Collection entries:
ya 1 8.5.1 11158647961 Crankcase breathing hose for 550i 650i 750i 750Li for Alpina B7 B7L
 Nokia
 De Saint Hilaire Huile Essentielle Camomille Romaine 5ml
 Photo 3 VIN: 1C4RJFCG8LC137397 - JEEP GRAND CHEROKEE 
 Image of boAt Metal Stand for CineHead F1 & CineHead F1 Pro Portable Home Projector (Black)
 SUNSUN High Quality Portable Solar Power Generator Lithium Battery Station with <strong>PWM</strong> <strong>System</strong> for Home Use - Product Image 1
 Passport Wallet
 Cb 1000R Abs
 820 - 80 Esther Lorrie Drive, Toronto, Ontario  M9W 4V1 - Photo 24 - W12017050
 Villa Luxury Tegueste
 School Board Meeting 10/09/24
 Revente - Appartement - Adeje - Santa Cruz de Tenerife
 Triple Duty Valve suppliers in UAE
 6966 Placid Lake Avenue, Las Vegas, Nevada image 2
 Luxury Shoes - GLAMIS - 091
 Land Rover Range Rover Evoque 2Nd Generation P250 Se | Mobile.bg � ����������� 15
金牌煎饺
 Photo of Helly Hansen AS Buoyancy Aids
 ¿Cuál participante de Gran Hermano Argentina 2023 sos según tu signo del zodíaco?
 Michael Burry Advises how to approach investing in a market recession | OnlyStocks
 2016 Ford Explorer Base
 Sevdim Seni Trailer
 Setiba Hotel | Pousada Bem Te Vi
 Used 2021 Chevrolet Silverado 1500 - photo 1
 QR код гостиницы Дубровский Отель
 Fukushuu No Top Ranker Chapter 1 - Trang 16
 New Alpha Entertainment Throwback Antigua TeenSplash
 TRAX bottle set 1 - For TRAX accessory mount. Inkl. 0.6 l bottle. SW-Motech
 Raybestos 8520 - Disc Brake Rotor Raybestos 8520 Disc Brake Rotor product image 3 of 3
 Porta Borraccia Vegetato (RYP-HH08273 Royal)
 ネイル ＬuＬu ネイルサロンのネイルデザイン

| Activity |
Only the lines above that hold "Portable" are wanted. Show every one of them.

| Task result |
 Image of boAt Metal Stand for CineHead F1 & CineHead F1 Pro Portable Home Projector (Black)
 SUNSUN High Quality Portable Solar Power Generator Lithium Battery Station with <strong>PWM</strong> <strong>System</strong> for Home Use - Product Image 1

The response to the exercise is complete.